Mene mene tekel upharsin.
Thou art weighed in the balances, and art found wanting.
It seems each time I post on the IT blog, I have more to say about the article I’m pointing to, and have to do my own post, to explore the idea more deeply. This time, it’s the question of Pre-Crime.
Ever see the movie Minority Report? The idea was that pattern recognition, when compiled from a sufficient number of sources and properly cross-referenced, could be used to predict, with some degree of accuracy, whether or not someone would commit a crime. In the film, the complication was that pattern recognition could never be completely accurate–there was always a quantum of uncertainty, the question of whether or not the person would actually take that final step, cross the line and commit the act. In the film this is part of what ends up undermining the main protagonist’s deep-seated faith in the system.
According to this article in Datamation, it looks as though something similar might be making an appearance in the here-and-now thanks to data-mining companies that harness massive amounts of processing power in order to comb through Facebook, Twitter, YouTube and blog posts, among many other public sources, in order to create a composite assessment of an individual’s personality that they claim allows them to spot patterns and create a character assessment that you would hope has a high degree of accuracy. Categories like “poor judgement” and “demonstrating potentially violent behaviour” are among those used in the report that is generated. The rationale is that this is meant to protect the company from liability, loose canons, people whose behaviour might end up casting the company in a bad light.
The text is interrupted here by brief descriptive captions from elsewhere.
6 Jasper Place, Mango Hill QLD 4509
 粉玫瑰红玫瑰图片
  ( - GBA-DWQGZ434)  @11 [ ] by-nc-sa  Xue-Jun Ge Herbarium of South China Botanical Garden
But surely there’s always that quantum of uncertainty–and the possibility that the behaviour might never manifest? Does the fact that the information is publicly available make it okay? Could an argument be made that someone is hoist with their own petard, if their public web presence brings up red flags?
The questions raised in my Financial Crimes class add further nuances to this issue. By my understanding, under C-45, if it is found that a “senior officer” at a corporation has some awareness of illicit activity, then if he does not take appropriate steps, the corporation itself could be charged with criminal activity. So, the hypothetical that immediately springs to mind is the very angle that the data-mining companies are using to sell their product–the potential for liability. If a company has access to this kind of assessment service, then is there a positive duty that would require them to make use of it and take steps, as part of their risk management or due diligence strategy? If they declined to do so, then could they be liable, or assessed as having been willfully blind?